Published online Jun 7, 2014. doi: 10.3748/wjg.v20.i21.6594
Revised: February 17, 2014
Accepted: March 7, 2014
Published online: June 7, 2014
Processing time: 157 Days and 3.6 Hours
AIM: To investigate that inflammatory markers can predict accurately the prognosis of hepatocelluar carcinoma (HCC) patients in living-donor liver transplantation (LDLT).
METHODS: From October 2000 to November 2011, 224 patients who underwent living donor liver transplantation for HCC at our institution were enrolled in this study. We analyzed disease-free survival (DFS) and overall survival (OS) after LT in patients with HCC and designed a new score model using pretransplant neutrophil-lymphocyte ratio (NLR) and C-reactive protein (CRP).
RESULTS: The DFS and OS in patients with an NLR level ≥ 6.0 or CRP level ≥ 1.0 were significantly worse than those of patients with an NLR level < 6.0 or CRP level < 1.0 (P = 0.049, P = 0.003 for NLR and P = 0.010, P < 0.001 for CRP, respectively). Using a new score model using the pretransplant NLR and CRP, we can differentiate HCC patients beyond the Milan criteria with a good prognosis from those with a poor prognosis.
CONCLUSION: Combined with the Milan criteria, new score model using NLR and CRP represent new selection criteria for LDLT candidates with HCC, especially beyond the Milan criteria.

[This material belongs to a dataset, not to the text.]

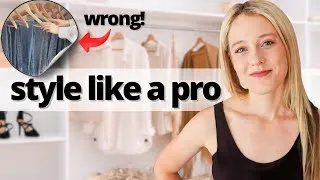 Thumbnail: 99% of Women Don’t Know the Basics of a Capsule Wardrobe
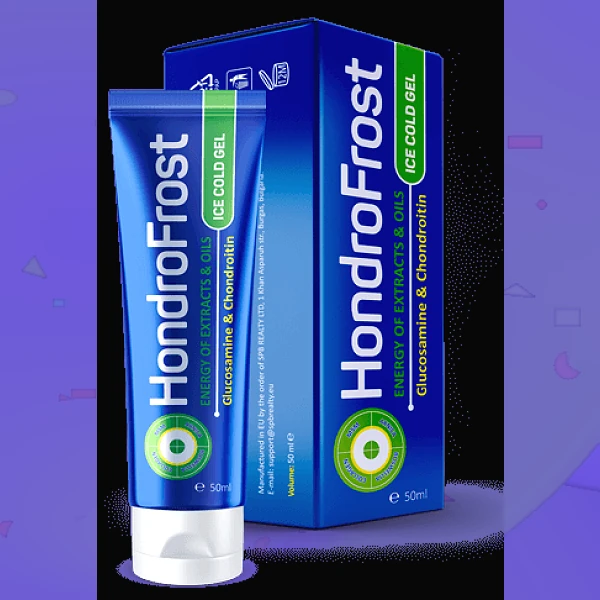 HONDROFROST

Core tip: Although the Milan criteria are accepted as the standard selection criteria for liver transplantation candidates with hepatocelluar carcinoma (HCC), they are so strict; New selection criteria are needed to predict more accurately the prognosis of patients with HCC; Using a new score model using pretransplant neutrophil-lymphocyte ratio (NLR) and C-reactive protein (CRP), we can differentiate HCC patients beyond the Milan criteria with a good prognosis from those with a poor prognosis; Combined with the Milan criteria, a new score model using pretransplant NLR and CRP may represent new selection criteria for living-donor liver transplantation candidates with HCC, especially beyond the Milan criteria.